24 November 1916 – Ted to Gertrude




Dear Mother

Very many thanks for your 2 letters last week, one of them was of course the one that did’nt turn up the mail before. So glad the rugs have arrived and are appreciated, but they are rotten ones really & I’ll try & get you some decent ones later on as you say you can do with any amount.

So Dick has arrived safely in France and has gone up to the front. What a very typical letter he wrote! I must drop him a line. I wonder if Jim’s gone yet; as you say these ‘final leaves’ very often are anything but final.

Nothing very much going on here. I have been busy calling on everyone, & found most of them out so one has been able to get through a good deal. I met a Mrs Bingley, wife of a General Bingley, who said she had been working at the Guildford Red X hospital, opposite the county hospital. She seemed to know you, by sight at anyrate. And she knew the Gabbs well, & Dr Mitchell, & the Pringles from Stoughton. She was ‘pained & surprised’ to hear of Mrs Gabb’s death; so if you meet old Gabb I expect he would be interested to hear I’ve met her, & praps it might be of some use to me some day, as Genl Bingley is rather a nut in his way.

Otherwise nothing much is going on. You see the Army Hd quarters people come down en bloc from Simla, knowing each other already, so one is really rather out of things till you get to know a few people. I went to a big show at the Delhi club last Saturday, but did’nt know a soul, though the place was crowded with a most fashionable lot of people, the cream of Indian society, such as it is. The C-in-C was there, in uniform, so I expect we shall get orders to wear uniform always like we did at home.

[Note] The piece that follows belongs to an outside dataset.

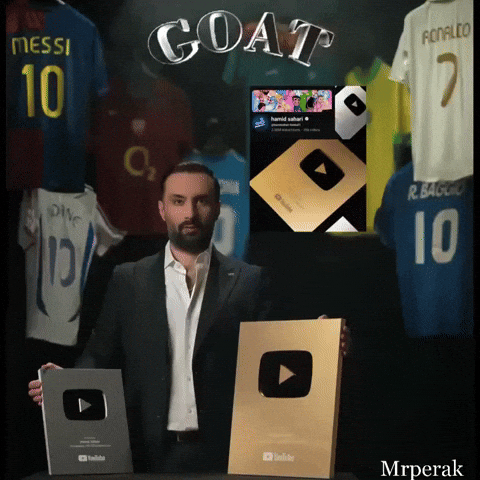 Football Goat GIF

At present you would’nt know there was a war on, so little is India affected; we go on just the same, no food, petrol, or other restrictions, all amusements same as ever, no lights to worry about, you can have as many as you like! Only the awful gaps in the regiments show what India has done, & it’s only the Indian army that really knows there’s a war, the vast majority of the Indian population being absolutely untouched by it, for the fighting races from which the army is recruited form of course only the smallest fraction of the population.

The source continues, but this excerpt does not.